Ryan and Clay had attended Bonham Middle School and Amarillo High School together. They competed on the same all-star teams in baseball and basketball. They played golf together, too. “We had some good games growing up,” Palmer recalled with a smile. Upon graduation from Amarillo, they both decided to attend Texas A&M.
Since then, they’d remained close. Aderholt loved watching his friend compete on the PGA Tour, attending a few tournaments every year. Palmer loved having him around.
As expected, it wasn’t an easy conversation.

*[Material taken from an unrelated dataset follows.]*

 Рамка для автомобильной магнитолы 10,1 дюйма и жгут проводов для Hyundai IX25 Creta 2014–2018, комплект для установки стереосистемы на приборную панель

“He called me and we spoke for a few minutes,” Gosdin said. “I told him, ‘Clay would want you to go play. He would want you to kick that course’s [butt]. That’s the best thing you can do tomorrow.'”
They spent the rest of the night texting, just sharing their feelings. Palmer was in shock. He spoke with Jennifer, of course. Called some other friends and relatives. He also called his sports psychologist, Fran Pirozzolo, who preached not getting too emotional on the course.
As for withdrawing, that was never an option.
“Nothing I can really do except keep him in my prayers and memories and just keep playing golf,” he explained.
When he arrived at TPC Sawgrass for his 7:36 tee time Friday morning, Palmer wore the scars of the previous day’s news. Literally. Scratched in white in four separate places on his black TaylorMade cap were the initials “CA” for Clay Aderholt.
It should come as little surprise that once he teed off, Palmer received a little divine inspiration. He chipped in twice for eagle, at the ninth and 11th holes, for perhaps the first time in his career. He added four birdies. He posted a 3-under 69. And he got himself into contention at a tournament where he’s 1-for-7 making the cut, with a tie for 75th place in 2007 serving as his lone payday.
“My mind was good today, all things considered,” he maintained. “It's great to be in contention here at this tournament where I've struggled. I am excited about the weekend.”
“He actually hung in there fine,” said his caddie, James Edmondson. “The type of person he is, he is going to try and win it for Clay. Sometimes it’s easier to play for somebody else.”
For 18 holes, Palmer visibly kept everything together in the wake of his friend’s death. On the final hole, he missed a 13-foot birdie putt, then tapped in for par. He picked his ball out of the hole, then buried his face in the hat marked with those “CA” initials.
Ten seconds passed. Twenty. Thirty.
When he finally looked up, Palmer’s eyes were damp and tinged with red. His round was over. He could finally let himself get emotional on the course.